FLAMEGPU/FLAMEGPU2

Linux Debug errors with CUDA 11.0

ptheywood opened this issue · 1 comments

CUDA 11.0 Debug builds on linux are reporting errors at runtime.

This is not an issue in 11.1 or 11.3 (unsure on 11.2 right now).

This occurs for the spatial 3D boids example, unsure if others are effected (I assume so).

This has been confirmed to occur on 2 separate machines (mavericks, blackmass).

/home/ptheywood/code/flamegpu/FLAMEGPU2/include/flamegpu/gpu/CUDAErrorChecking.h(37): CUDA Error: /home/ptheywood/code/flamegpu/FLAMEGPU2/src/flamegpu/gpu/CUDAAgent.cu(263): misaligned address
terminate called after throwing an instance of 'CUDAError'
  what():  /home/ptheywood/code/flamegpu/FLAMEGPU2/include/flamegpu/gpu/CUDAErrorChecking.h(37): CUDA Error: /home/ptheywood/code/flamegpu/FLAMEGPU2/src/flamegpu/gpu/CUDAAgent.cu(263): misaligned address

This occurs during validateIDCollisions, in CUDA 11.0 only, for sufficiently large populations (for circles_spatial3d, somewhere between 4000 and 4300 on a titan v?).

It is caught by the first cuda error check after a call to cub::DeviceReduce::Sum, so it may just be a cub issue? or an nvcc issue?

CUB in CUDA 11.0 should be 1.9.9, 11.1 is 1.9.10, while we are explicitly using 1.10.0 for the improved CMake support.

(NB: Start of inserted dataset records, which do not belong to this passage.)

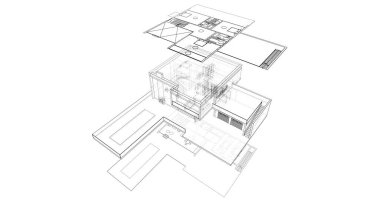 soyut mimari duvar kağıdı, dijital arkaplan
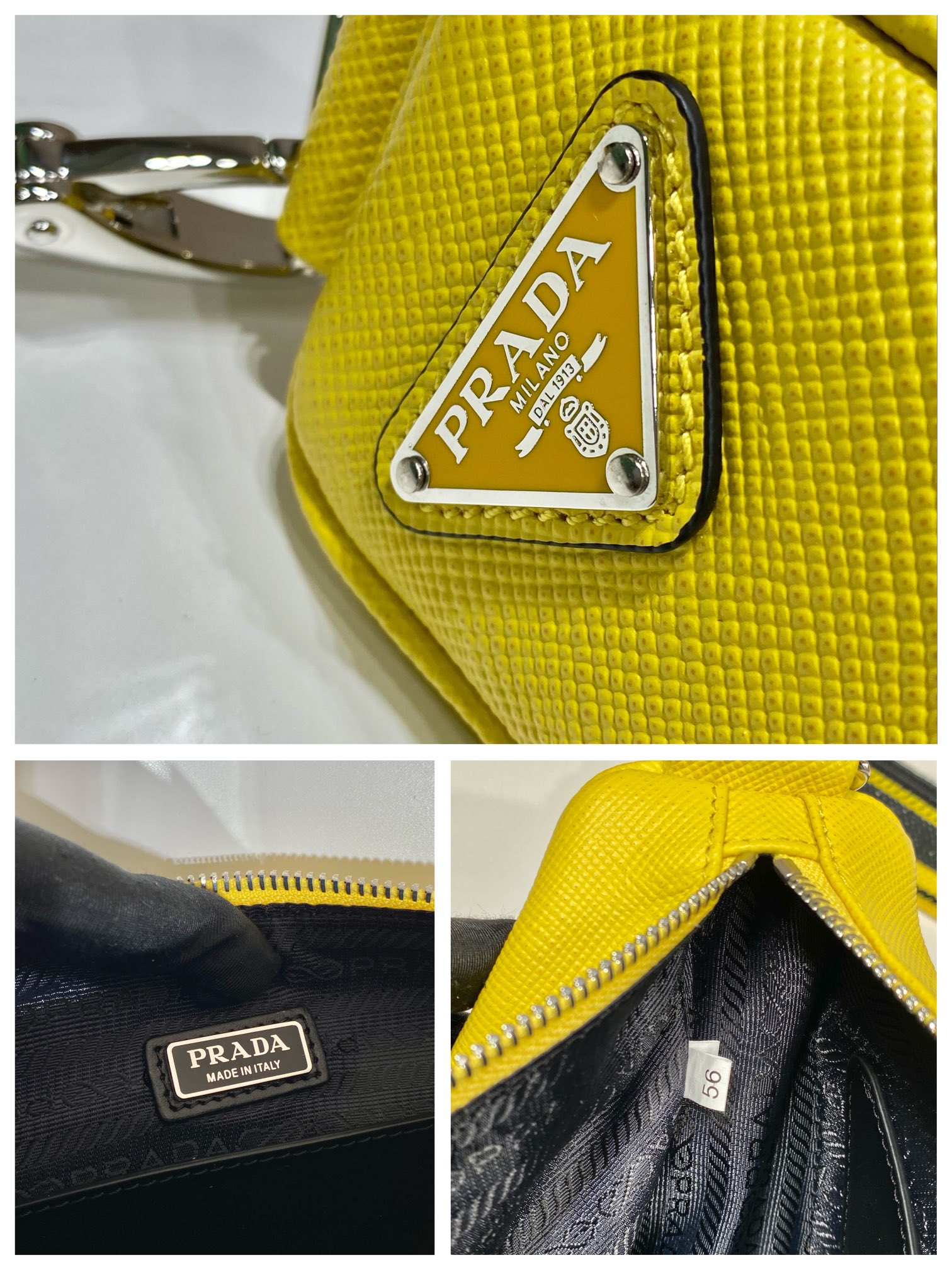 Pra*a Triangle Crossbody Bag 2VH155 Yellow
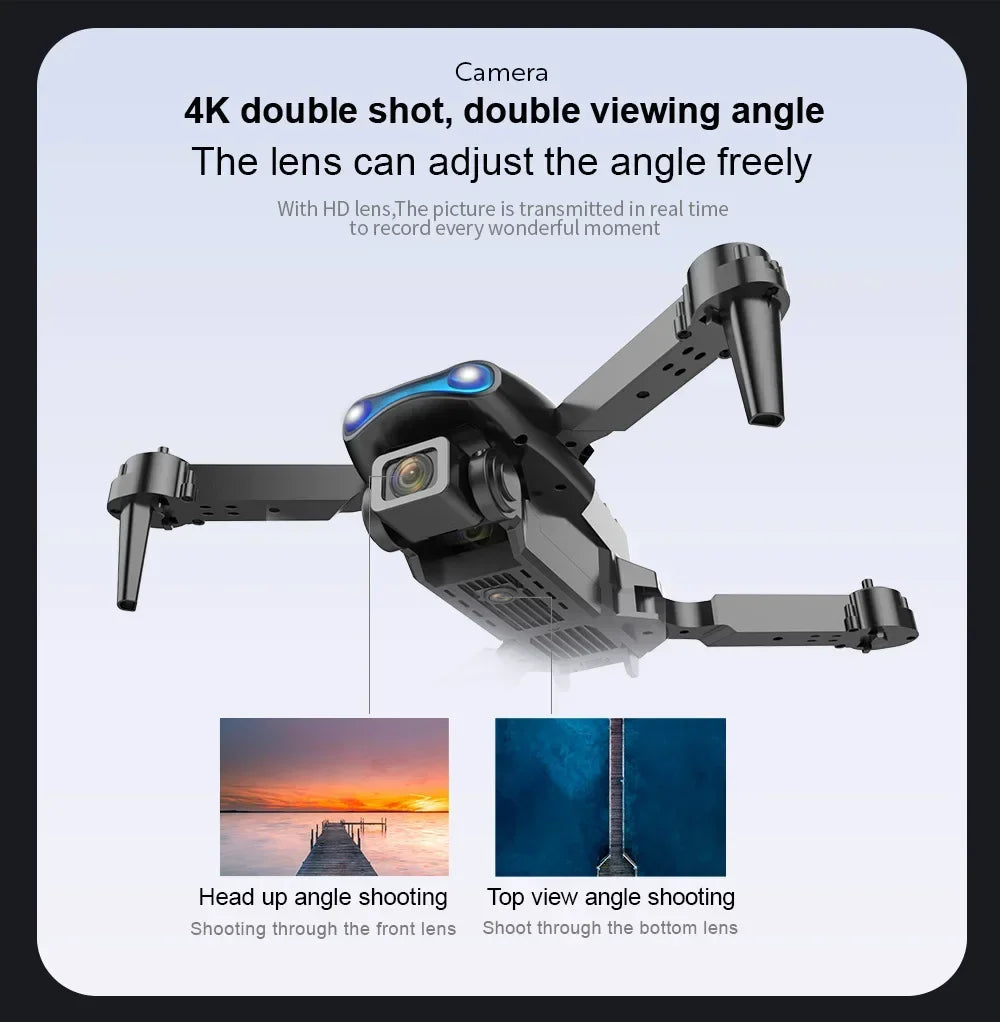 4K Camera Drone - Foldable RC Quadcopter with Obstacle Avoidance Tidesmit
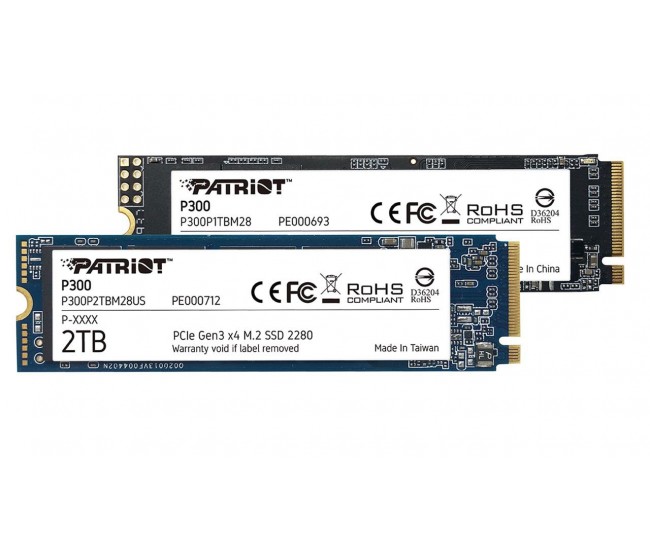 SSD Patriot P300, 1TB, NVMe, M.2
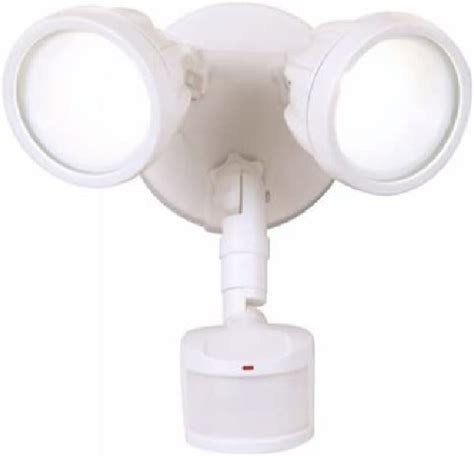 Halo MST18R17LW All-Pro LED Twin Round 180 Degree Motion Sensor, White
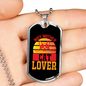 Wife Mother Cat Lover Necklace Stainless Steel or 18k Gold Dog Tag 24" Chain-Express Your Love Gifts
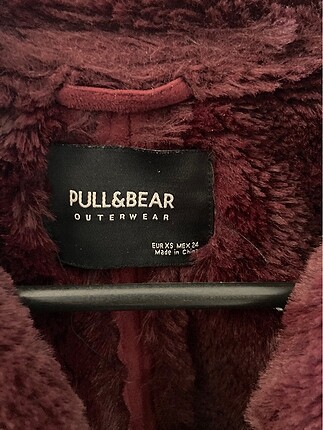 xs Beden bordo Renk pull&bear biker ceket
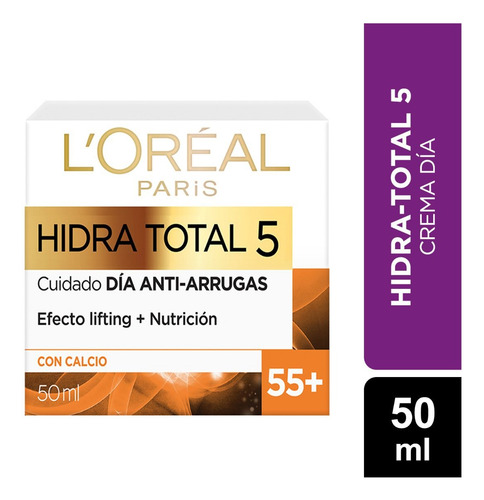 Crema Facial Día L'oreal Hidra Total 5 Anti-arrugas +55 50ml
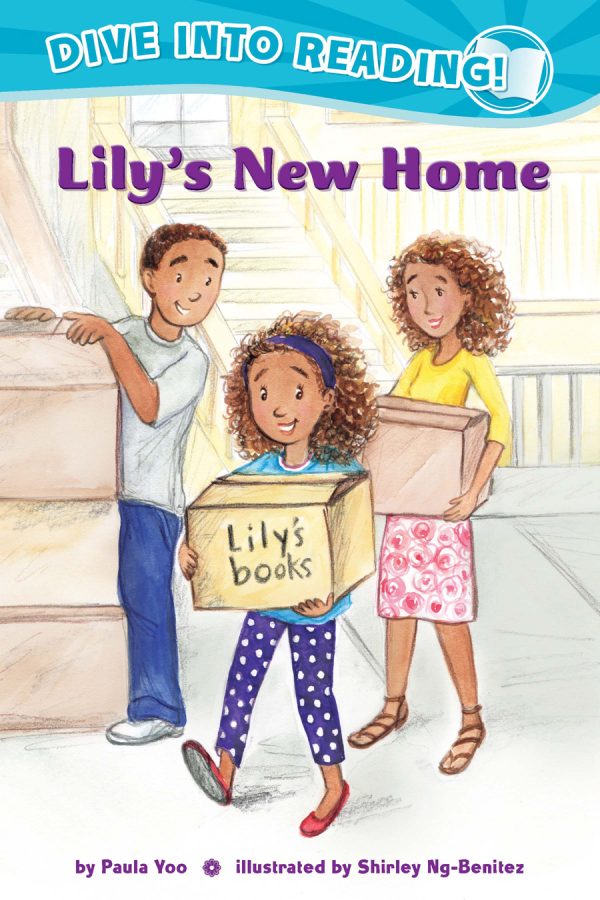 Front cover for Lily's New Home (Confetti Kids #1) by Paula Yoo and Shirley Ng-Benitez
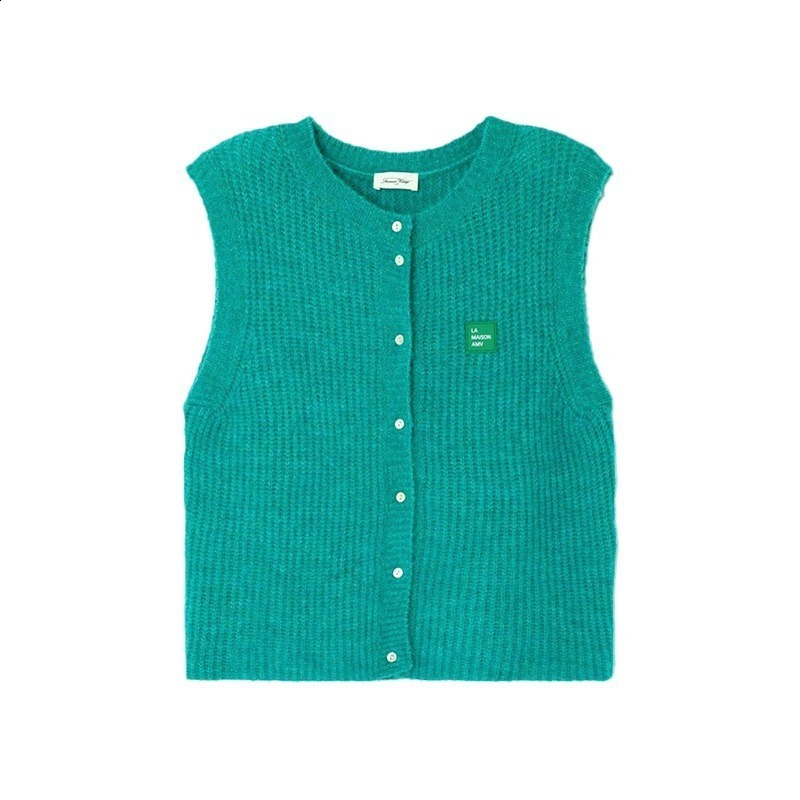 Gaono Women Knitted Tank Tops Casual Summer Solid Color Button Front Basic Vest Sleeveless Shirt y2k Aesthetic Clothes 240814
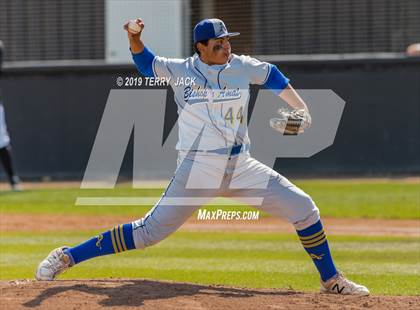 Thumbnail 3 in Huntington Beach vs. Bishop Amat (CIF Southern Section D1 Round 2 Playoff) photogallery.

According to cuda-memcheck, it's Invalid __global__ write of size 16 in

cub::DeviceReduceKernel<cub::DeviceReducePolicy<unsigned int, unsigned int, int, cub::Sum>::Policy600, unsigned int*, unsigned int*, int, cub::Sum>(unsigned int, int, cub::Sum, cub::GridEvenShare<int>, cub::DeviceReducePolicy<unsigned int, unsigned int, int, cub::Sum>::Policy600)

Via cuda-gdb, this occurs at agent_reduce.cuh:259, which is during a vectorised read.

This continues to occur if i bump the Thrust/CUB version to 1.13.0 via cmake.

vec_items is the variable being written to. It is a reinterpret casted <VectorT*> from an InputT[ITEMS_PER_THREAD] which is a local memory / register array subject to the compiler. So feels like a compiler bug? (especially as it is not an issue in more recent CUDA versions?

CUDA 10.0 and 10.2 don't experience this issue. So calling it a CUDA 11.0 specific bug.